→ **Directions**: Using the records below, copy exactly the part that opens with the line holding "NIN KIBRAY O" and closes with the line holding "3VWCB7BU2KM128852 2019 VOLKSWAGEN", minus the pictures.

[Saved entries]
BEGIN
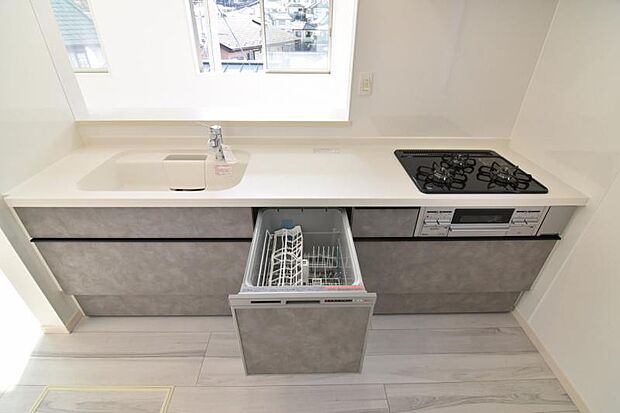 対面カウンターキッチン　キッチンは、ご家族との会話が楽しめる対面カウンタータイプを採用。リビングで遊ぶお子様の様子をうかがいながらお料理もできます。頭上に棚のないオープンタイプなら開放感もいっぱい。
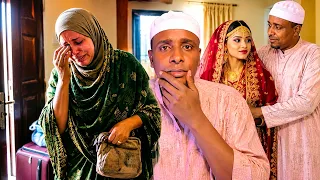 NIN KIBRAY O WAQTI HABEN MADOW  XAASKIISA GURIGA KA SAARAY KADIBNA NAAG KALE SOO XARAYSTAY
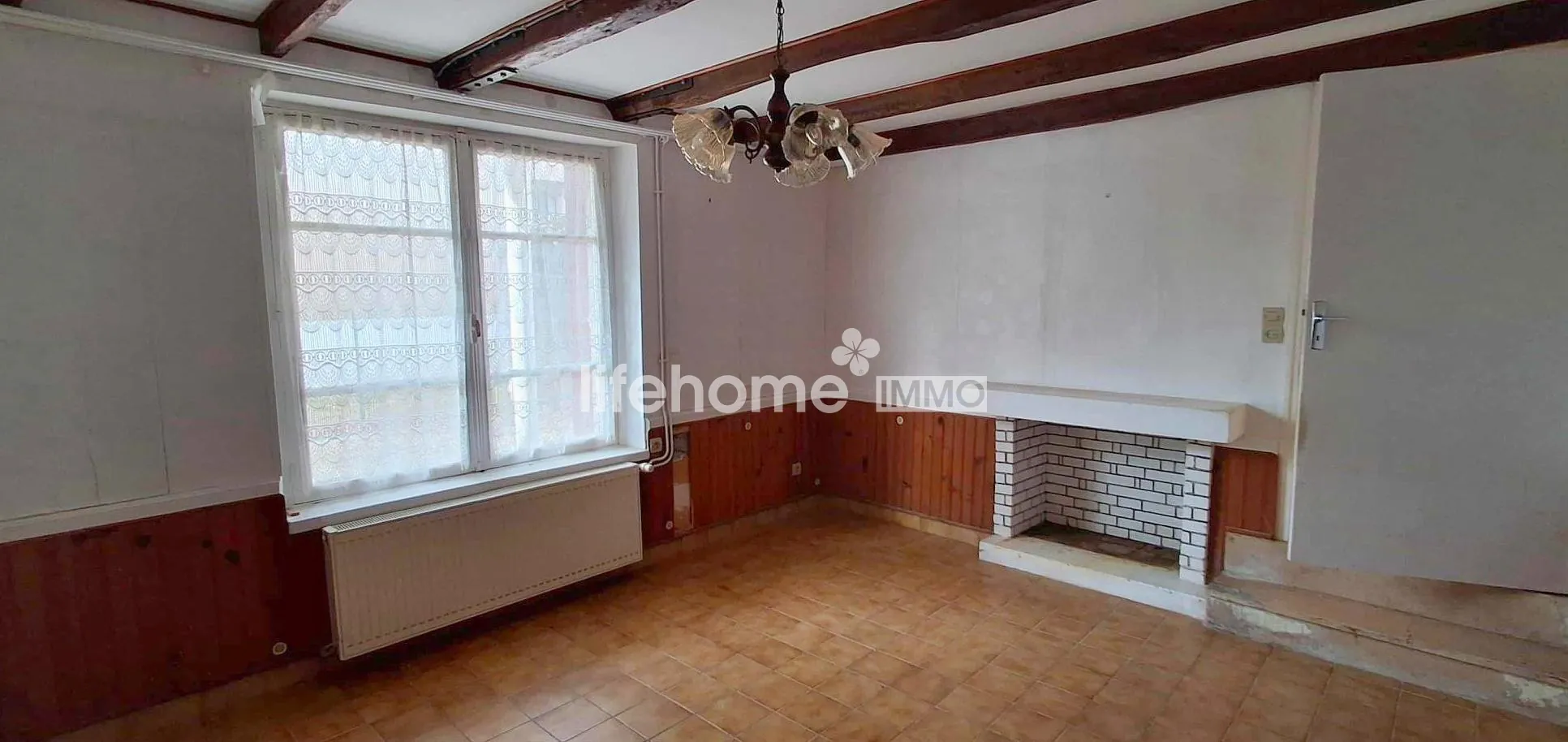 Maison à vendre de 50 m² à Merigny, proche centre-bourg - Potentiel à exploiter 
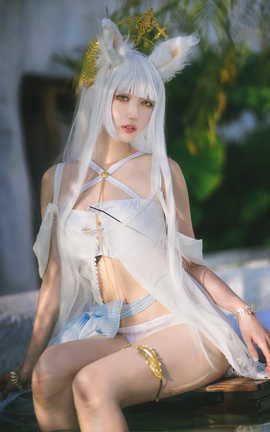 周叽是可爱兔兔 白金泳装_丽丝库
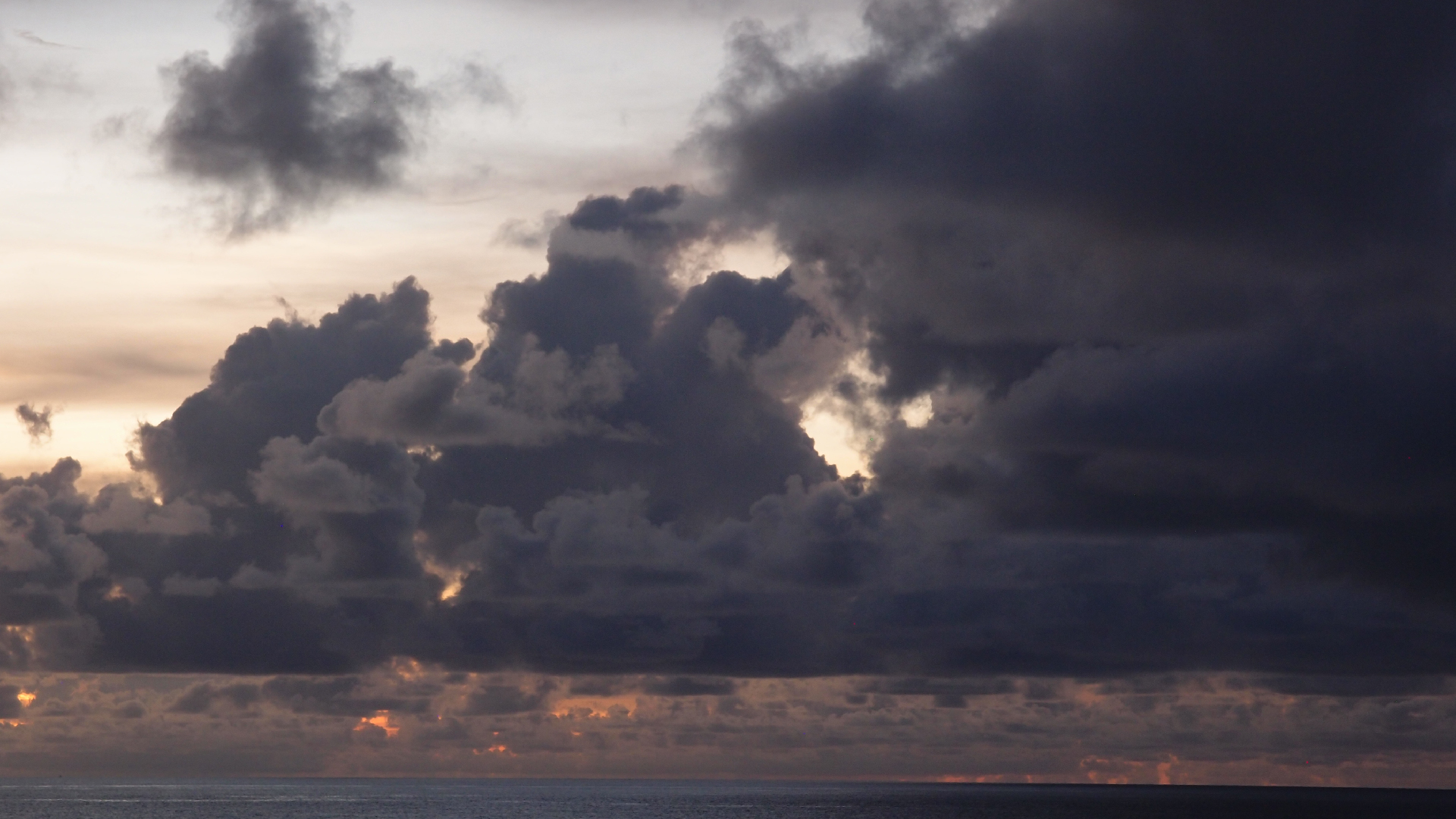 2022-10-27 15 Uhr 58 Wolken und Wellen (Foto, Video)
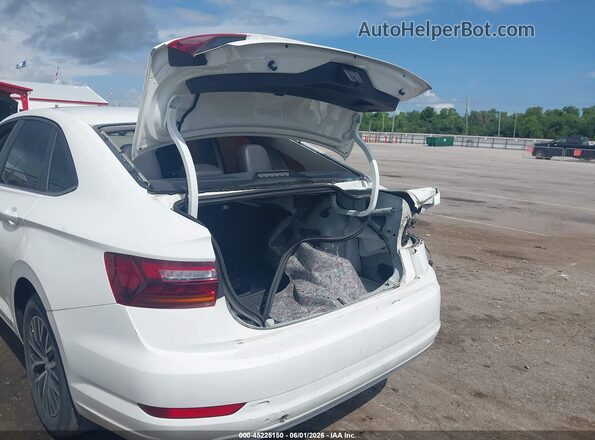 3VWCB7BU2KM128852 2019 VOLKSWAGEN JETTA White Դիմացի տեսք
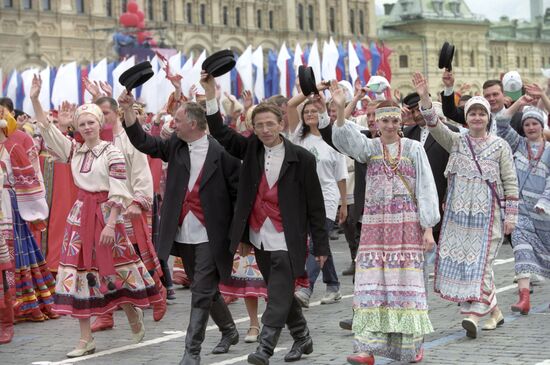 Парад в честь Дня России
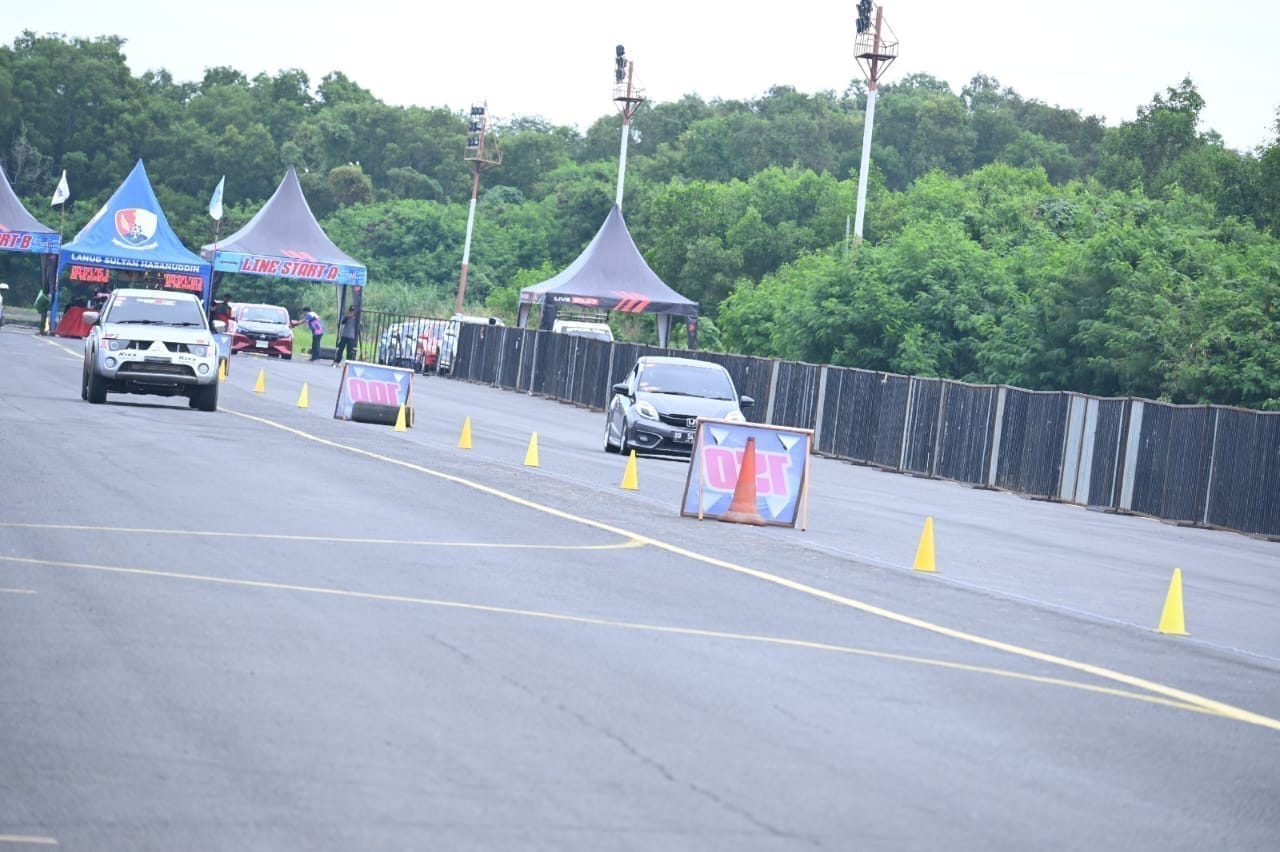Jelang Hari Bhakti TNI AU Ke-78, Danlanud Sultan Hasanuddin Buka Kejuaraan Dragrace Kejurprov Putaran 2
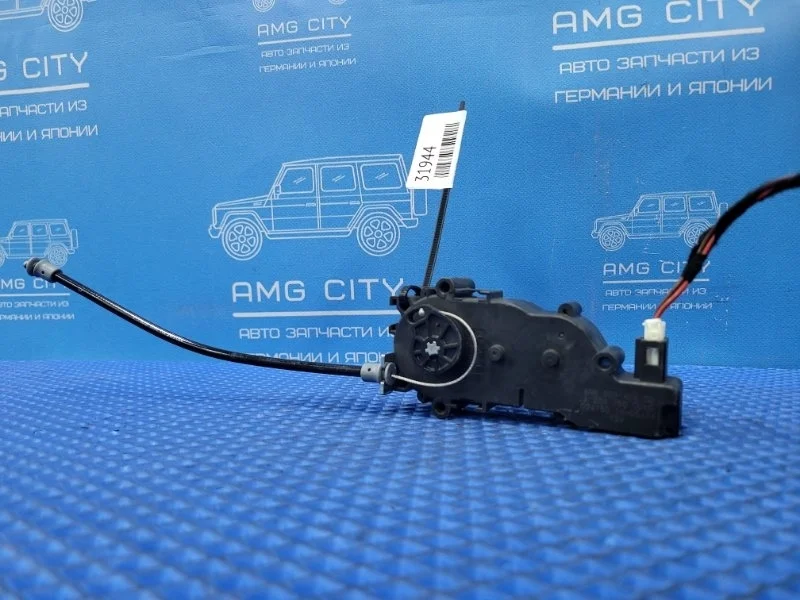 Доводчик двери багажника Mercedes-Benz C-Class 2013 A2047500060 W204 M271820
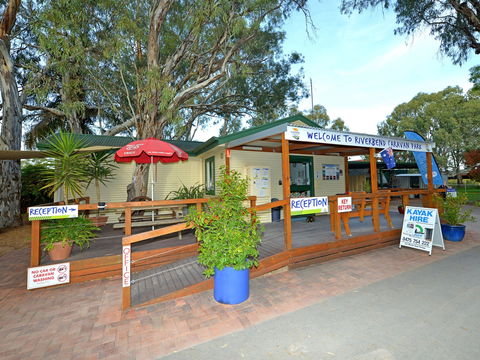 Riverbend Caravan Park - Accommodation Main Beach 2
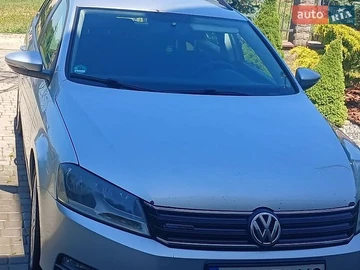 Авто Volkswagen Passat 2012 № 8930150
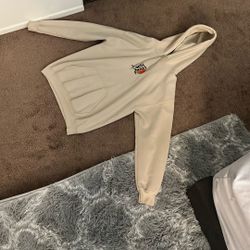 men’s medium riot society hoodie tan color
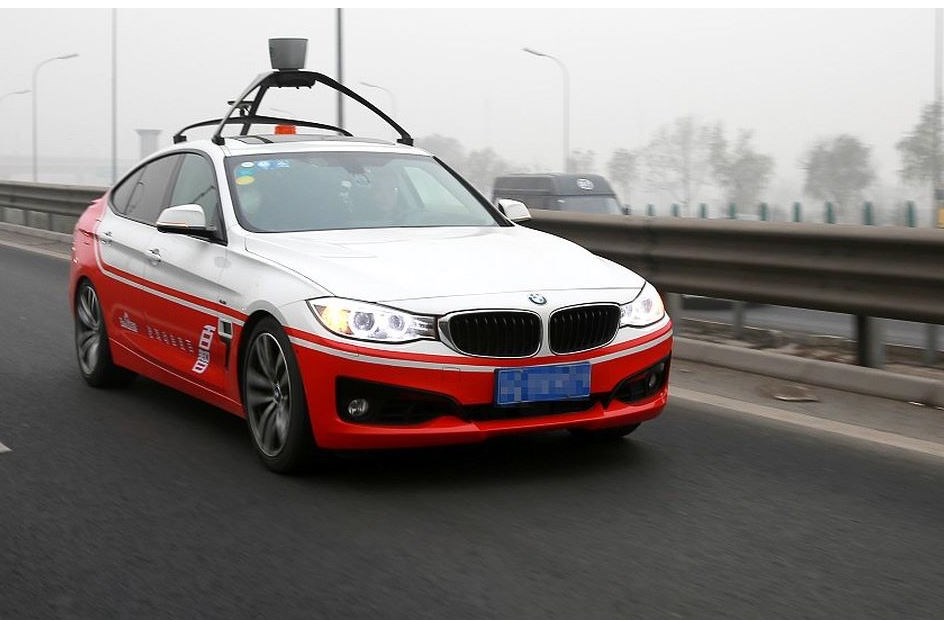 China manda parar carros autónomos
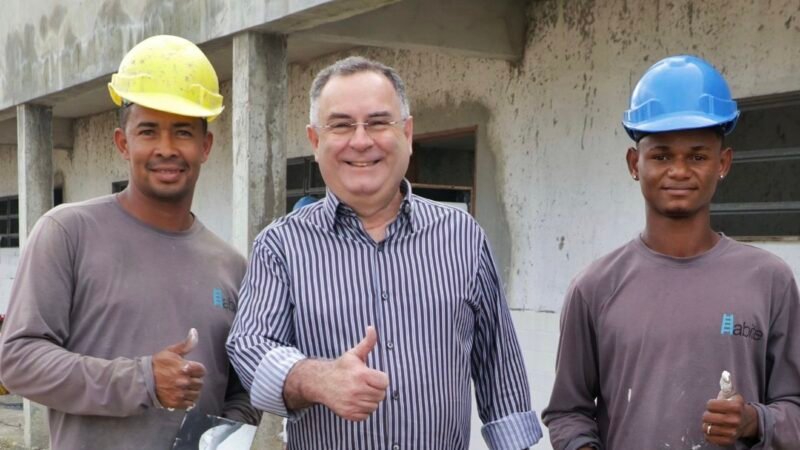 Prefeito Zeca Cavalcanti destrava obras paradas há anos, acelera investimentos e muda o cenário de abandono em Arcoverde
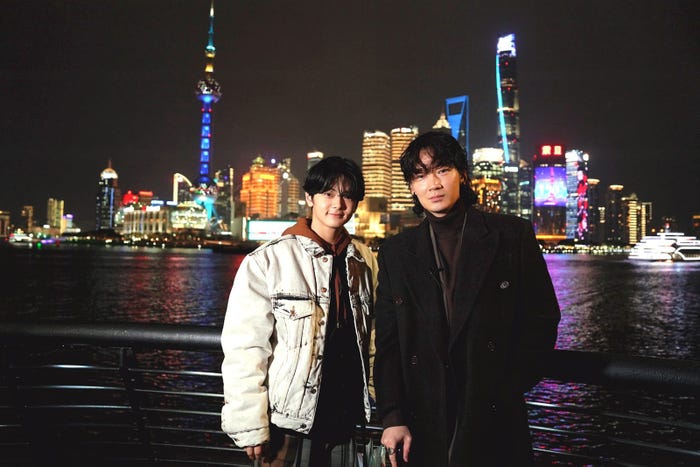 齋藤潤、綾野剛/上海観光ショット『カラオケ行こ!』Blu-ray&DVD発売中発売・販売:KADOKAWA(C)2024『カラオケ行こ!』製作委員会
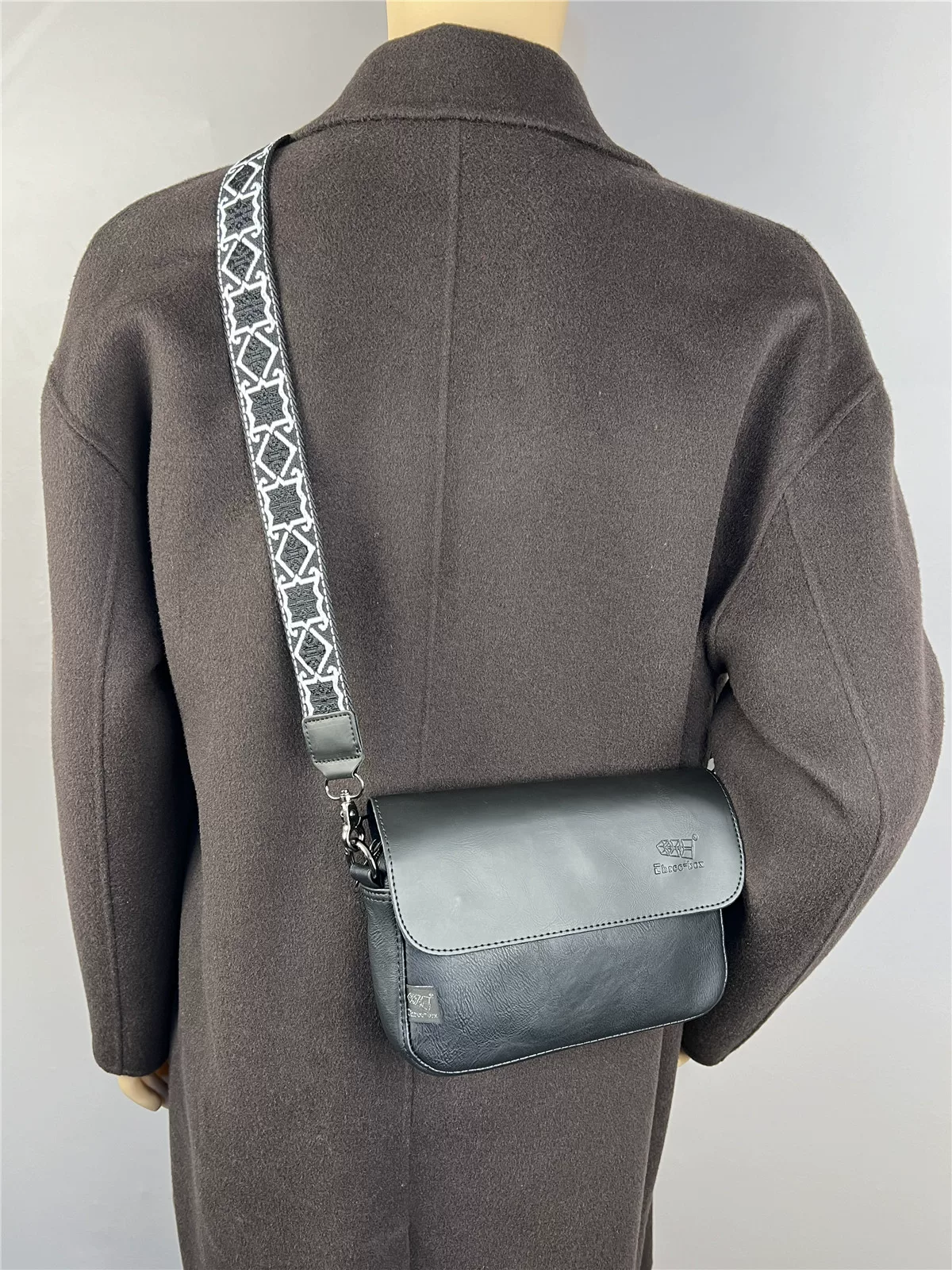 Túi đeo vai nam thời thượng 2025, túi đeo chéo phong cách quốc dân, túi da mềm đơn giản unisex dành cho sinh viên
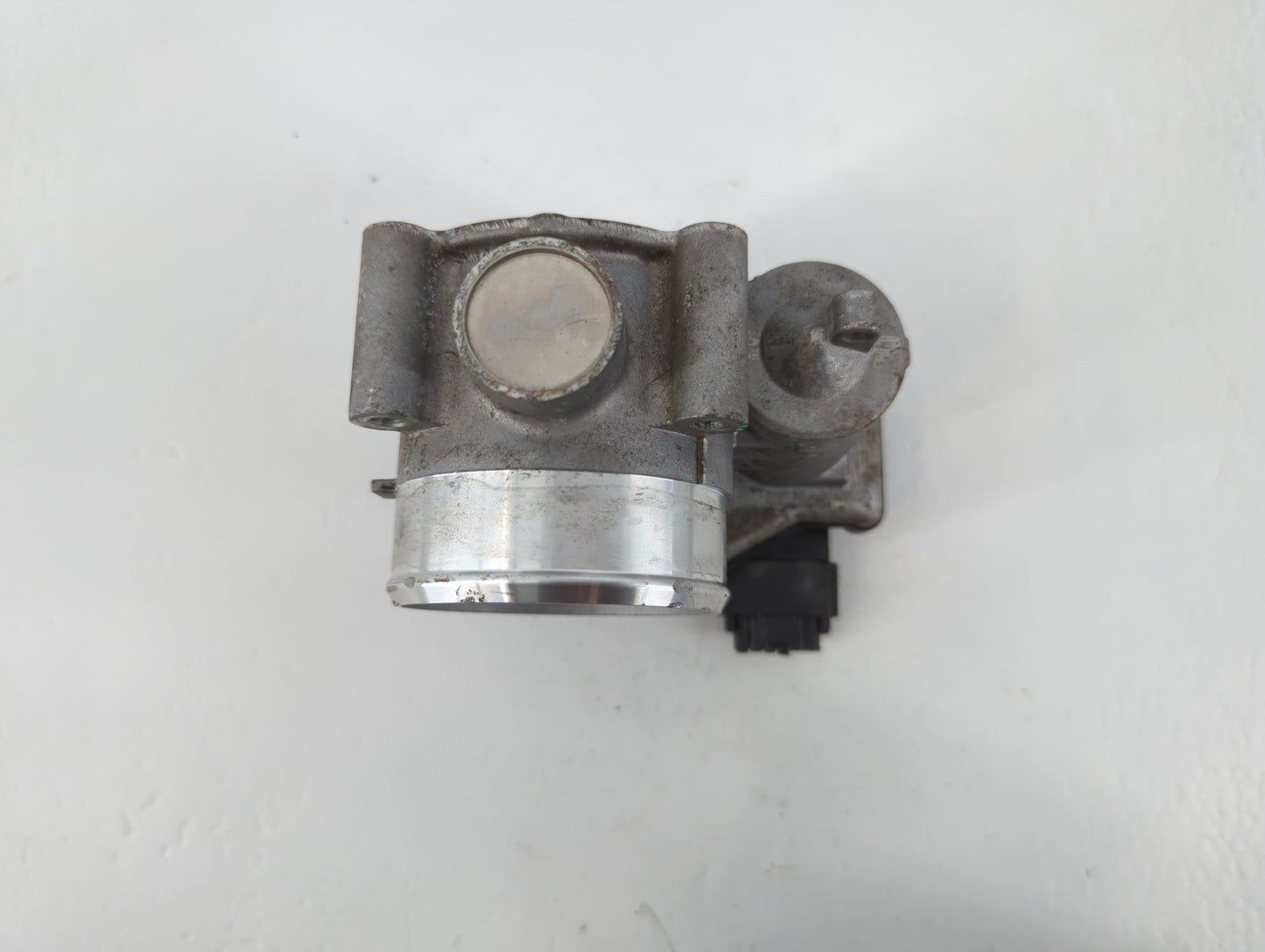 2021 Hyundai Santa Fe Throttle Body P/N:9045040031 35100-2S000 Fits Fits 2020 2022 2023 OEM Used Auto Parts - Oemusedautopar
END
→ **Response area**:
 NIN KIBRAY O WAQTI HABEN MADOW  XAASKIISA GURIGA KA SAARAY KADIBNA NAAG KALE SOO XARAYSTAY
 Maison à vendre de 50 m² à Merigny, proche centre-bourg - Potentiel à exploiter 
 周叽是可爱兔兔 白金泳装_丽丝库
 2022-10-27 15 Uhr 58 Wolken und Wellen (Foto, Video)
 3VWCB7BU2KM128852 2019 VOLKSWAGEN JETTA White Դիմացի տեսք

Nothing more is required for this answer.